Fine tuning is just more training -- so it's definitely possible to teach the model facts this way too.

In practice we've found that it's a bit of a balancing act to teach the model the new knowledge without destroying existing knowledge, but it's just a matter of tuning the parameters carefully. We're also researching whether we can fine-tune a brand new expert in a MoE model like Mixtral, I've also seen work on fine-tuning just a fixed set of weights. I'm sure there will be more developments in this space soon.

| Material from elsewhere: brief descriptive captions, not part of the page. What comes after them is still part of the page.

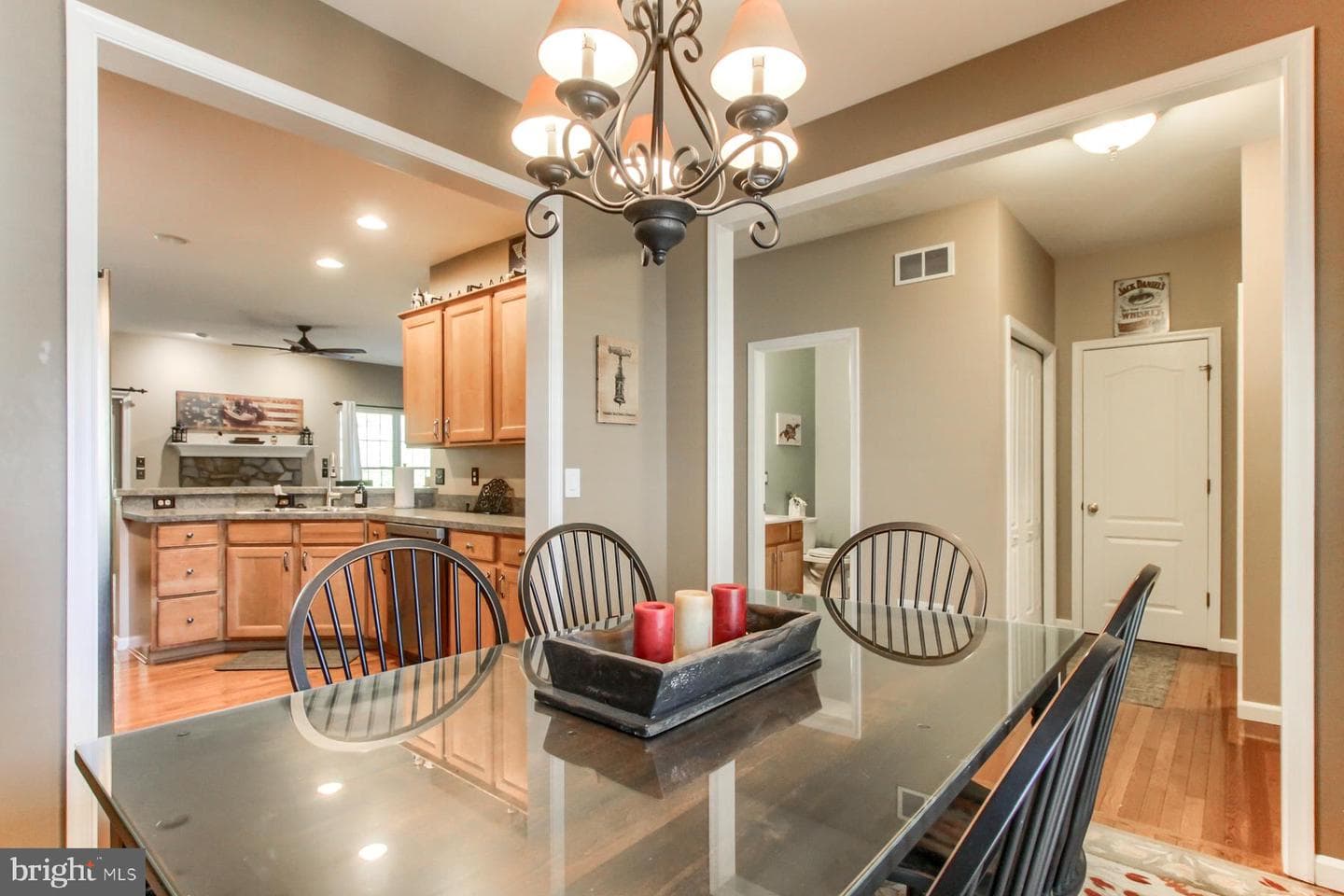 5592 Twilight Drive photo 7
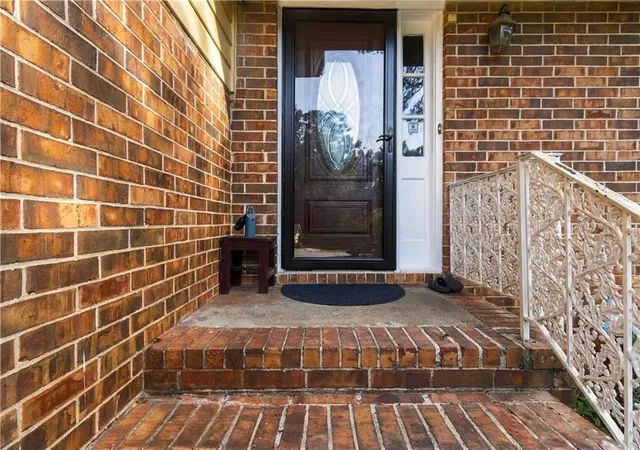 Photo 3 of Sale Pending at 4348 Executive Dr, Stone Mountain, GA 30083 | MLS# 7837005 | Listing updated on 2026-09-22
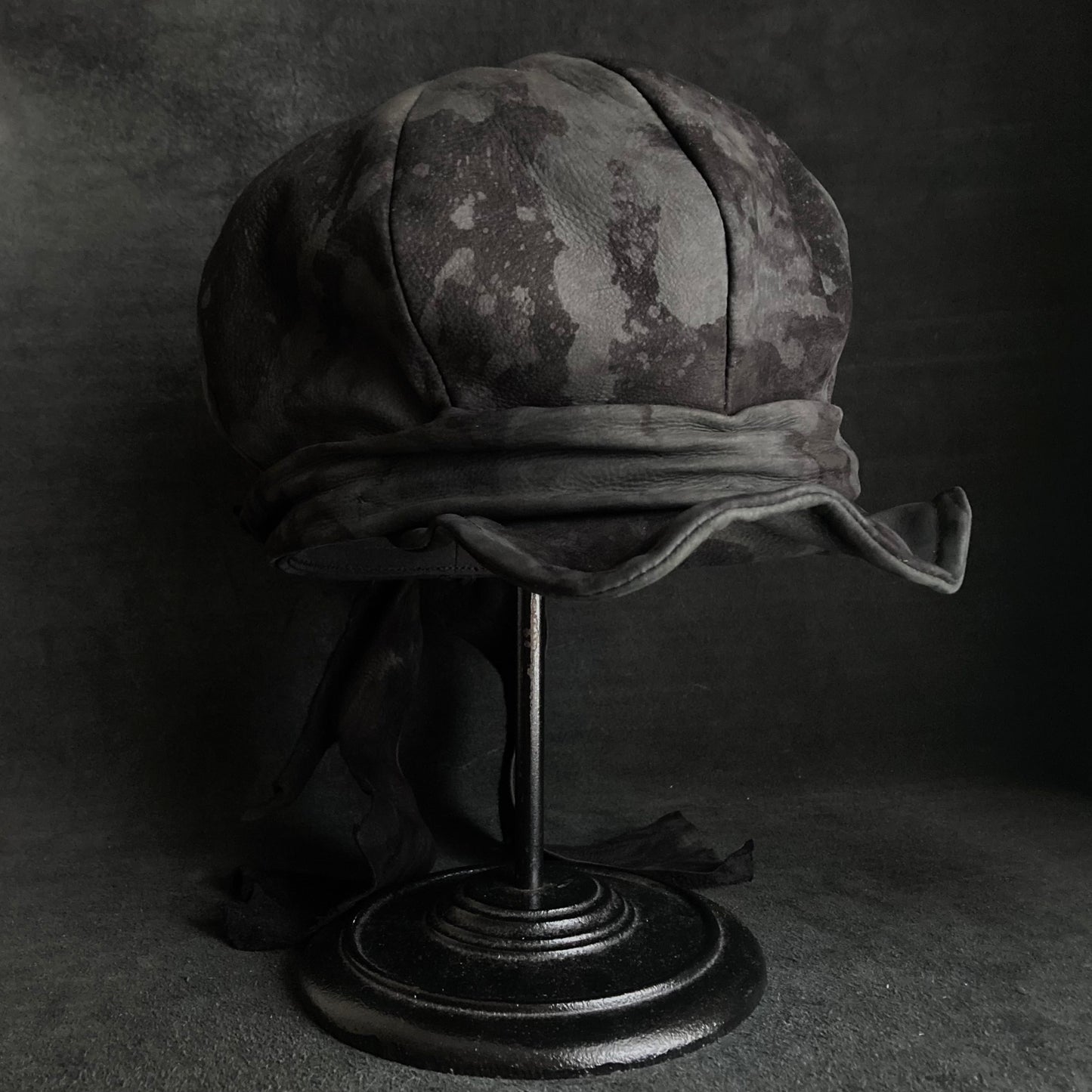 Black leather bleached martial casquette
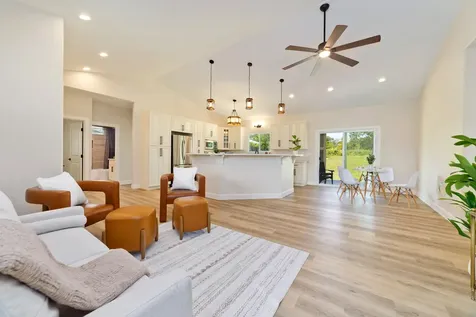 15-1736 7th Avenue Keaau HI 96749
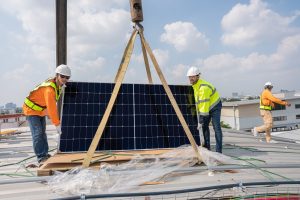 Aplicaciones de las grúas en la instalación de placas solares en tejados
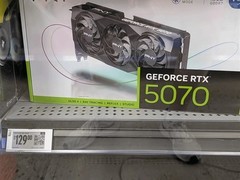 美国沃尔玛误标RTX 5070售价129美元，顾客按标价成功购得引热议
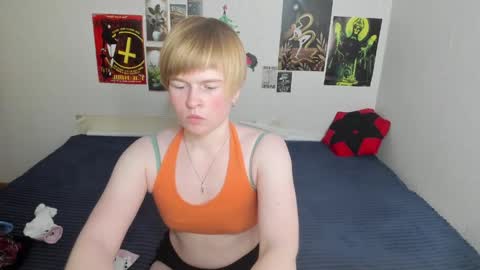 cattie_w_ online show from 20, 4, 2026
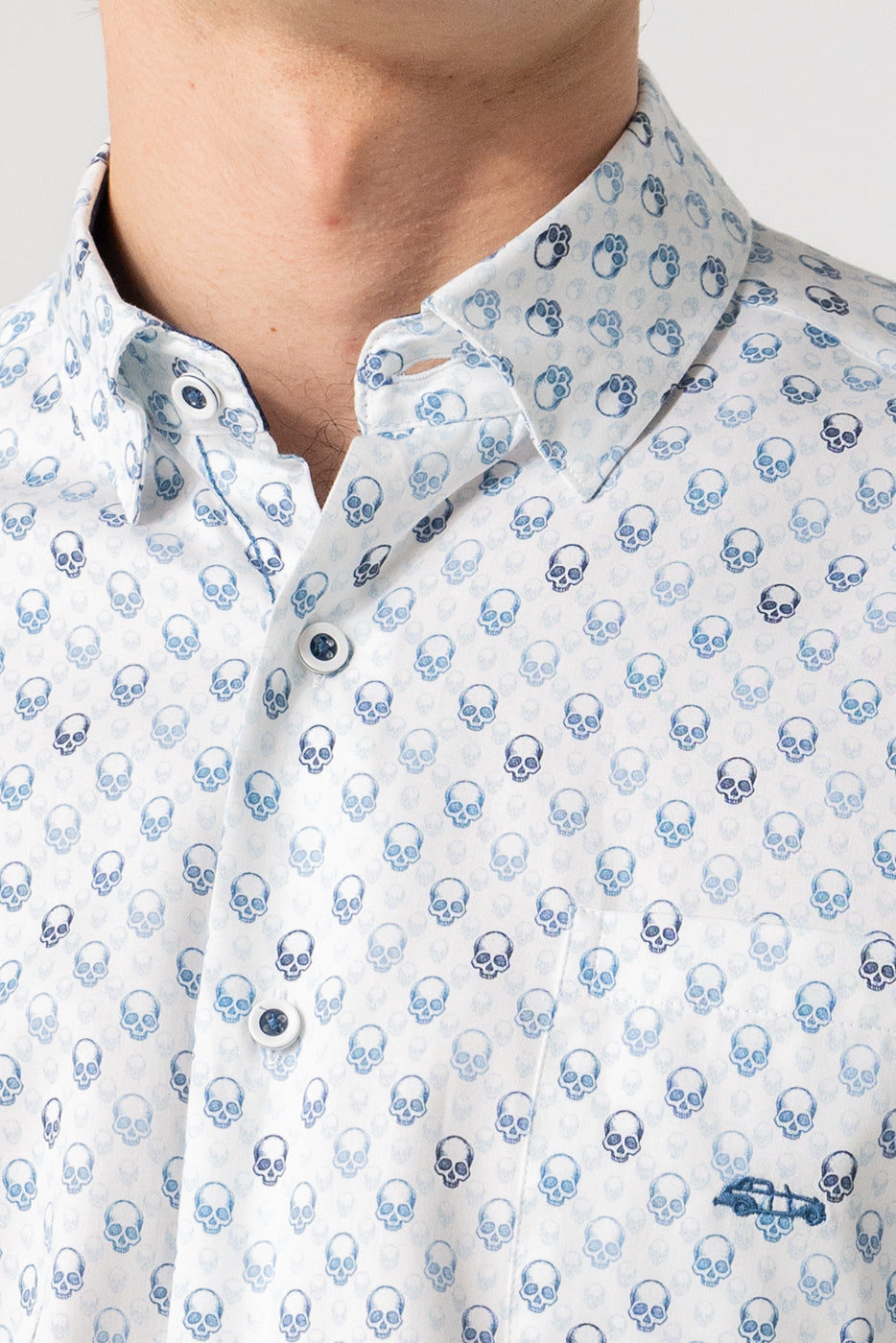 Camisa slim fit estampado calaveras azules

In terms of how you refer to new knowledge and not base knowledge, like many things in LLMs, you just ask the LLM :-) For example, if you look at this session https://app.tryhelix.ai/session/62905598-b1b7-4d93-bc39-5a93... and click "Show Info" at the top, you can see the system prompt is:

"You are an intelligent chatbot named Helix that has been fine-tuned on document(s) e1ef2e896c in document group 62905598b1. The document group contains 1 document(s). The user will ask you questions about these documents: you must ONLY answer with context from the documents listed. Do NOT refer to background knowledge."

It does a pretty good job at this, although I'm sure there are ways to improve it further.

Referencing the specific document IDs in the fine-tuning was an innovation that has really helped us.

In terms of training time, yeah - 5 minutes on a news article, 10 minutes on a typical length paper. Pretty usable. We're experimenting with reducing the number of epochs and increasing the learning rate to make it faster at that too.

gbickford · on Feb 8, 2024

Have you tried generating two sets of qapairs, one with bad answers, and using DPO?

lewq · on Feb 8, 2024

Not yet, sounds promising!

aCoreyJ · on Feb 8, 2024

What is the advantage over using Retrieval Augmented Generation ?

mendeza · on Feb 8, 2024

RAG adds context to the users question to reduce hallucination. https://docs.llamaindex.ai/en/stable/getting_started/concept...

aCoreyJ · on Feb 8, 2024

Actually missed this was covered in the post, thanks

aCoreyJ · on Feb 8, 2024

Actually missed this is answered in the article!

drphilwinder · on Feb 8, 2024

Your sentiment is correct, but it's more of a spectrum. Fine tuning can learn facts (otherwise how would the foundation models learn facts?). But it needs those facts in the training dataset. If you have an infinite amount of facts, then you can memorise all of them.

The challenge arises when it becomes hard to generate that training data. If you just have the raw text and pop that in the context (i.e. RAG), then the LLM can be just as factual without any of that hassle.

Q2: identifiers in the prompt to say "you've been trained on this, only answer questions about this".

Q3: Depends on the size of the training data/docs. For the average PDF, about 30 minutes.

Give it a try!

gpderetta · on Feb 8, 2024

> If you have an infinite amount of facts, then you can memorise all of them

pigeon-hole?

gdiamos · on Feb 8, 2024

Not literally infinite, but Llama2 scale models can handle about 10 trillion tokens.